Den eigenen Weg suchen + finden: Heidi Gronauer über die ZeLIG

Christine Kofler

Film ab! Am Freitag und Samstag, den 2. +3. Dezember 2016 ab 16 H feiert die Filmschule ZeLIG den Abschluss des vergangenen Ausbildungszyklus mit einem großen Filmfest. Gezeigt werden zehn Diplomfilme, an denen die AbsolventInnen über ein Jahr lang gearbeitet haben. Sie schicken die ZuseherInnen auf eine Reise um die ganze Welt – vom abgeschiedenen Alpental bis in die chinesische Peripherie, von den äquatorialen Wäldern Südamerikas bis in die Arktis. CineastInnen und alle, die dem hollywoodianischen Einheitsbrei entfliehen möchten, dürfen dieses Wochenende also aus dem Vollen schöpfen und treffen sich im Filmclub Bozen. (hier geht’s zum Programm). Heidi Gronauer, Direktorin der ZeLIG Filmschule, erzählt im Interview mehr über die Abschlussfilme, den didaktischen Ansatz von ZeLIG und über den Weg hin zum eigenen filmischen Erzählen.

Am 2. und 3. Dezember 2016 feiert ZeLIG den Abschluss des dreijährigen Ausbildungszyklus 2013–2016. Zehn Diplomfilme werden im Filmclub Bozen vorgestellt. Ist 2016 ein „guter“ Jahrgang?

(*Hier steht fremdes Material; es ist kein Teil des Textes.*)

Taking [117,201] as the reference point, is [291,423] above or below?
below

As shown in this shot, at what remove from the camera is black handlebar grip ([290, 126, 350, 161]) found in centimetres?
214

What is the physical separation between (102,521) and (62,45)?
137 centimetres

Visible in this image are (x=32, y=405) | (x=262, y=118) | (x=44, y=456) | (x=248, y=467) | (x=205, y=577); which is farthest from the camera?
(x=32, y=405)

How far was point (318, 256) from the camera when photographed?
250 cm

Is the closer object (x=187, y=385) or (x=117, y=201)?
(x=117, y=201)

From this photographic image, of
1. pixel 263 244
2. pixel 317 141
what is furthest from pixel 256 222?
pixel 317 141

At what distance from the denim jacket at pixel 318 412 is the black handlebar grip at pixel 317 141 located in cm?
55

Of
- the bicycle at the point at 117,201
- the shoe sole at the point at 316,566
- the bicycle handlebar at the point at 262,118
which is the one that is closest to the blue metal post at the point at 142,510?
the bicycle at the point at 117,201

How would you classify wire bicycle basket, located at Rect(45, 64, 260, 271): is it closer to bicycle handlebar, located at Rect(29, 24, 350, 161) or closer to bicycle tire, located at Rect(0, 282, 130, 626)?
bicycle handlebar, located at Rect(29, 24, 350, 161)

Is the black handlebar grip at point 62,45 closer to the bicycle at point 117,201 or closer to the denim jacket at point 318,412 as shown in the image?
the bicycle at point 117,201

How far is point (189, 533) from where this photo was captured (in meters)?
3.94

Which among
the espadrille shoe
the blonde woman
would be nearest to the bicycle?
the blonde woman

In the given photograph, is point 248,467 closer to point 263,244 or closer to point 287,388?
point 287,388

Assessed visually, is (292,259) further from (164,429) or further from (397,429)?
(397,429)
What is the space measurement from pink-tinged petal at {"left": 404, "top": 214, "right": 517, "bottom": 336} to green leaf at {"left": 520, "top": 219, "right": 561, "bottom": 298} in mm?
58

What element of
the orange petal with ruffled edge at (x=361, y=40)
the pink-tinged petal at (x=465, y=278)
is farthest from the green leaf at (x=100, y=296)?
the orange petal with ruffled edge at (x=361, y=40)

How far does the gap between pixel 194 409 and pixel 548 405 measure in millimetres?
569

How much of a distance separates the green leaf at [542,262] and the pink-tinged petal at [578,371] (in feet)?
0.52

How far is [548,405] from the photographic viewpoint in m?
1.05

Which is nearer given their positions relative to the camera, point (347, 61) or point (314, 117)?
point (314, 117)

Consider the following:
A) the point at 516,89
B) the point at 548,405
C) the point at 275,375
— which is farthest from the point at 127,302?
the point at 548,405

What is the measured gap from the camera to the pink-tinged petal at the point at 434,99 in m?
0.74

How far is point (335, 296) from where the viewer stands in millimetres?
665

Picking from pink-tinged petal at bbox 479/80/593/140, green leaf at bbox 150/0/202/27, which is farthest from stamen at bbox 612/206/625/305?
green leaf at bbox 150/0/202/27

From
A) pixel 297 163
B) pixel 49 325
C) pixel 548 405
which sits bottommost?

Die Frage würde ich gerne von einer anderen Seite her beantworten: Das didaktische Konzept der Zelig sieht vor, dass jeder Student bzw. jede Studentin sich in seiner und ihrer kulturellen, sprachlichen und filmischen Eigenständigkeit und Einzigartigkeit entwickeln kann. Der Jahrgang misst sich also nicht nur am Endprodukt, sondern an auch daran, was die Ausbildung in den StudentInnen ausgelöst hat. In diesem Sinne ist es ein sehr guter Jahrgang. Ich glaube, dass der Versuch, eigene und gesellschaftlich relevante Themen formal adäquat aufzuarbeiten, sehr gelungen ist. Es gibt einige sehr wichtige Filme, also gesellschaftspolitisch relevante Filme.
Um nur einige Beispiele zu nennen: Der Film Medzi Nami (Before I met you)thematisiert das Geburtserlebnis im Kreißsaal, diese ganze Maschinerie rundherum, die Frauen zu Kranken macht. In diesem Fall geht es um die Schwierigkeit der Geburt in einem slowakischen Krankenhaus. Der Film hat in der Slowakei eine Debatte über die Bedingungen, unter denen Frauen Kinder gebären, ausgelöst. Oder der Film Hidden Photos, der die Darstellung eines Landes, in diesem Fall Kambodscha, hinterfragt. Einer der beiden Fotografen, um die es im Film geht, Kim Hak ist von der Alexander-Langer-Stiftung zu einer Gesprächsrunde nach Südtirol eingeladen (Anm. d. Red.: Samstag, 3.12. um 10 H @ Liceo Carducci über Fotografie und Erinnerung). Auch das Amt für Kabinettsangelegenheiten hat den Fotografen eingeladen. Zusätzlich wird der Film in Piemont bei einer Veranstaltung zum kambodschanischen Genozid gezeigt. Wir als ZeLIG Filmschule versuchen die Abschlussfilme unserer StudentInnen also auch einem breiteren Publikum zugänglich zu machen, etwa auf Festivals und anderen Veranstaltungen. ZeLIG_Students_Esame di Diploma_Diplomprüfung_2016_Press2

Die entstandenen Dokumentarfilme decken eine enorme geografische und thematische Bandbreite ab. Gibt es etwas, das alle Filme vereint?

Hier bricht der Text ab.